In practice, what it will look like is “boots on the ground”, adds Davies – deploying implementing teams of external consultants, working in Turkey and Ukraine, who will learn from close up the vulnerabilities of the specific value chains in detail, which farms the raw materials come from to where the climate risks come from.

Policy responses may range from diversifying value chains to encouraging farmers in them to close off vulnerabilities – say, by irrigating more effectively. Future options may include supply chain financing, where farmers in the chain may have access to finance for such investments.

“There are no silver-bullet perfect answers to the questions we’ll be asking – the point is to establish within your business a mechanism for asking this kind of question, and feeding it through to your organisation so you can make better decisions.

“If you have board-level accountability for your climate-related information, it’s a very powerful governance mechanism.”

Improving climate corporate governance is a theme that is becoming a major organising principle for the EBRD’s green work.

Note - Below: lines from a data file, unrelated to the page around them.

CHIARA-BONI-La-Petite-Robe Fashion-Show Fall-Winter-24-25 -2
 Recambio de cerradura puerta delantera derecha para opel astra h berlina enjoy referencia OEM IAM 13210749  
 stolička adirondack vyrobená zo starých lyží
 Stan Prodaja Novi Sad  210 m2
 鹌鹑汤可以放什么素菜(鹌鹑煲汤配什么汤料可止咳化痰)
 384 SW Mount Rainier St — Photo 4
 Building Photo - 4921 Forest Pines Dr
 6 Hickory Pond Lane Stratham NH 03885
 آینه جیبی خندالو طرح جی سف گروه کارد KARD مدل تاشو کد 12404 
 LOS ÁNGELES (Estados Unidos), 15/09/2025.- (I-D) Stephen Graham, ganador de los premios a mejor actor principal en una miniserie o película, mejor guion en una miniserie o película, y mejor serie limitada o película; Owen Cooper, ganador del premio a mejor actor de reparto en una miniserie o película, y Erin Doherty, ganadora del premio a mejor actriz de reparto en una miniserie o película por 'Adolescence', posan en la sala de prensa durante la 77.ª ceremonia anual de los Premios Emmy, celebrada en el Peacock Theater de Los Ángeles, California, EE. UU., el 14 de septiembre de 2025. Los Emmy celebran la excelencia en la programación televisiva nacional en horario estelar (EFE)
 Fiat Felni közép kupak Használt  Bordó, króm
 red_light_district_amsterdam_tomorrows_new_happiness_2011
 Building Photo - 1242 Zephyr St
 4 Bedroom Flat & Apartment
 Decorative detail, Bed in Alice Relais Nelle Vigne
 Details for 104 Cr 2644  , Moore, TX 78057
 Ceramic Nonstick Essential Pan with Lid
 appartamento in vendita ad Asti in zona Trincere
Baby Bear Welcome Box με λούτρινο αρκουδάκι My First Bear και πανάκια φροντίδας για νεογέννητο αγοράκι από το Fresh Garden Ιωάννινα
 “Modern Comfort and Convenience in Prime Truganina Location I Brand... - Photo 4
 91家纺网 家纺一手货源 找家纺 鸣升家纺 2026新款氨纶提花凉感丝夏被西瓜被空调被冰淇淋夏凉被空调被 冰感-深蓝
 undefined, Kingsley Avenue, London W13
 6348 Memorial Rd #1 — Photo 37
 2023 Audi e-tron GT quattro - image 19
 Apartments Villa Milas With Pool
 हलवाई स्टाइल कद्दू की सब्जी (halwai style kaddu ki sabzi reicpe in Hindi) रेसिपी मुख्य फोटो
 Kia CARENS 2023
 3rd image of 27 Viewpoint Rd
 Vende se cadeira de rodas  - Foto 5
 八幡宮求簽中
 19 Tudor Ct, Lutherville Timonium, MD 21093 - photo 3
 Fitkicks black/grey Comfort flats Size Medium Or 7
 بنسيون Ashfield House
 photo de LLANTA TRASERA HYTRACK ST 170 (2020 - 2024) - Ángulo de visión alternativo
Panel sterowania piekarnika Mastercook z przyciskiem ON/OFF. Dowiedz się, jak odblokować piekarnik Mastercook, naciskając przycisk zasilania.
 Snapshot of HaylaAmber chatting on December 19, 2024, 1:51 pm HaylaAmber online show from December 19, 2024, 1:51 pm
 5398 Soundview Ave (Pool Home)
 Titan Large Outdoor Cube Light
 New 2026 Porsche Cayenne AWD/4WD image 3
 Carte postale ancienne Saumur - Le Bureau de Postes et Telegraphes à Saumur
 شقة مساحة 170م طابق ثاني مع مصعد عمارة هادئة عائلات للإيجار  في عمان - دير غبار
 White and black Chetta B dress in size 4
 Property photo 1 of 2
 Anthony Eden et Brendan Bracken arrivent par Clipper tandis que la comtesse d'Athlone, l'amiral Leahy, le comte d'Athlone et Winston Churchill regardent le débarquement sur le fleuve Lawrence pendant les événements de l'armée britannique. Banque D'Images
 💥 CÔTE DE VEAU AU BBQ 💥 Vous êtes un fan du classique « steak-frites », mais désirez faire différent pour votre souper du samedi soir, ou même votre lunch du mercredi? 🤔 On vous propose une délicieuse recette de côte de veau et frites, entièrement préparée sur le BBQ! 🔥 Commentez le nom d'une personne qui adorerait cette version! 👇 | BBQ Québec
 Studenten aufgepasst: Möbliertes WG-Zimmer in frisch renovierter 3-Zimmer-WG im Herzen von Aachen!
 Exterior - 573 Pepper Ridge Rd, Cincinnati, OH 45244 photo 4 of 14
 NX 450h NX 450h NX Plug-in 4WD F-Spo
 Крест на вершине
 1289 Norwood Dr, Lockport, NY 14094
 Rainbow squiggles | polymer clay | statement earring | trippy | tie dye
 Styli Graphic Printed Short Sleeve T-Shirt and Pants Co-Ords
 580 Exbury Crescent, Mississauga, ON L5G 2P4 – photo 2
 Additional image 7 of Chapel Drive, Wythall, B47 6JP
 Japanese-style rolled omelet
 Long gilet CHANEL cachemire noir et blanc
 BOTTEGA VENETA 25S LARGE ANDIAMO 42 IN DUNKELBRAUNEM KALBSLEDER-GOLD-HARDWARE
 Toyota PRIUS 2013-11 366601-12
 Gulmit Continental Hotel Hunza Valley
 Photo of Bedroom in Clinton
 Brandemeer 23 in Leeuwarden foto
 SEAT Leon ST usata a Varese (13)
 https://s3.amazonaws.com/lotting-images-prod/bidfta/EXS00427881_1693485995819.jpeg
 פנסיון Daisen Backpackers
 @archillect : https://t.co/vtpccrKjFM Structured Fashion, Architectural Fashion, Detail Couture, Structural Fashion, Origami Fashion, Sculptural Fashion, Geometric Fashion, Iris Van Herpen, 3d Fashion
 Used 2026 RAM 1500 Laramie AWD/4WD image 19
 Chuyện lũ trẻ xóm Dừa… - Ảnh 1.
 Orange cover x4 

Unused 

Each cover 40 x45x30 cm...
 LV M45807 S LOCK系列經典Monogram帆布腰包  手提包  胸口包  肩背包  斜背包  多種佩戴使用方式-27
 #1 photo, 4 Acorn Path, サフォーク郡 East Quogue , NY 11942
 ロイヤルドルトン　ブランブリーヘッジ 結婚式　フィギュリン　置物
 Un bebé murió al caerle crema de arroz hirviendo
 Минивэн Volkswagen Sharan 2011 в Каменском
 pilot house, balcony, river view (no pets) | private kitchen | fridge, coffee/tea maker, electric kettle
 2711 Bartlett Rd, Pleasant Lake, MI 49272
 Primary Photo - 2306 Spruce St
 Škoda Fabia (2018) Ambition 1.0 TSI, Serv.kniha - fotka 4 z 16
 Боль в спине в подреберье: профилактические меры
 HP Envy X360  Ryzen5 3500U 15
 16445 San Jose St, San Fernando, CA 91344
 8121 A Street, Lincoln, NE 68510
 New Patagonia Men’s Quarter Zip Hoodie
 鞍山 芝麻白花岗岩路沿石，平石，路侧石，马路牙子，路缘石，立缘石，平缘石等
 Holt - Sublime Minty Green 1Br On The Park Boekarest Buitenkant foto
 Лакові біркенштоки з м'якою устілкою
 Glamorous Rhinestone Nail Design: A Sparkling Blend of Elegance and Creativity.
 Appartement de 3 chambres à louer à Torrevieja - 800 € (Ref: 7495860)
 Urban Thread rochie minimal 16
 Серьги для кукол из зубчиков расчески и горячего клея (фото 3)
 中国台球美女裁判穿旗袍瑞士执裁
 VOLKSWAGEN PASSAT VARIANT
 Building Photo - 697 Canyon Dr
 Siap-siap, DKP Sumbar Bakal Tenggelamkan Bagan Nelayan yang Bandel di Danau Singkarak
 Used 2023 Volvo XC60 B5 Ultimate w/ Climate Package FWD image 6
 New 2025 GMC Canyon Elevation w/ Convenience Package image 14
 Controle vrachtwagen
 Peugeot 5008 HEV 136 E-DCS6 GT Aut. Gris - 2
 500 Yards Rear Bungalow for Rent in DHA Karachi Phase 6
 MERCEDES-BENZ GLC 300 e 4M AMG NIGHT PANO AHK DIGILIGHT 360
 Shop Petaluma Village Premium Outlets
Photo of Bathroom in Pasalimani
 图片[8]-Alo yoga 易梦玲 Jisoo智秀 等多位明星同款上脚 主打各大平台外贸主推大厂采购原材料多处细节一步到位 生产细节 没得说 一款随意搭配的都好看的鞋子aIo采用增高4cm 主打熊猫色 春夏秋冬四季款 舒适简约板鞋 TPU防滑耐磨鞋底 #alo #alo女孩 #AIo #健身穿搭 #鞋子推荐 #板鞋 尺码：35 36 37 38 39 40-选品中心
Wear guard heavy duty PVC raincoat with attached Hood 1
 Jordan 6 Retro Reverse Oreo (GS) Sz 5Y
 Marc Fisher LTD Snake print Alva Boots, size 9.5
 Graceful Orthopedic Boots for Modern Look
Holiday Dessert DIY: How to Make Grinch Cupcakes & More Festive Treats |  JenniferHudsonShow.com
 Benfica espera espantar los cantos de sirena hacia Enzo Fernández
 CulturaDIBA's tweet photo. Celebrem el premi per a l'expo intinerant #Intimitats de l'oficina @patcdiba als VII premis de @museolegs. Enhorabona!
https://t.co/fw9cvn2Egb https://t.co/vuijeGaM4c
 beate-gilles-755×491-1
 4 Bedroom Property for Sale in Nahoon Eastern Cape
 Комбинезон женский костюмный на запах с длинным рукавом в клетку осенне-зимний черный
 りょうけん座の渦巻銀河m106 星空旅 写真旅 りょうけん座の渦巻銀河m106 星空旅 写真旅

Four years into its five-year Green Economy Transition (GET) approach, under which it pledged to raise green finance from 25 to 40 per cent of its total investments by the end of 2020 – a goal it looks set to meet comfortably – the Bank is set to raise its ambition further for the next five years. Climate corporate governance will play a big part, says Davies.

“This is the next evolution – how do we as a transition bank support and promote behavioural change in companies? How do we help them behave differently in relation to the climate change challenge? Of course we will continue to invest in green technologies. That’s really important. But we’ve got to realise that that is no longer enough: we’ve got to change business models too.”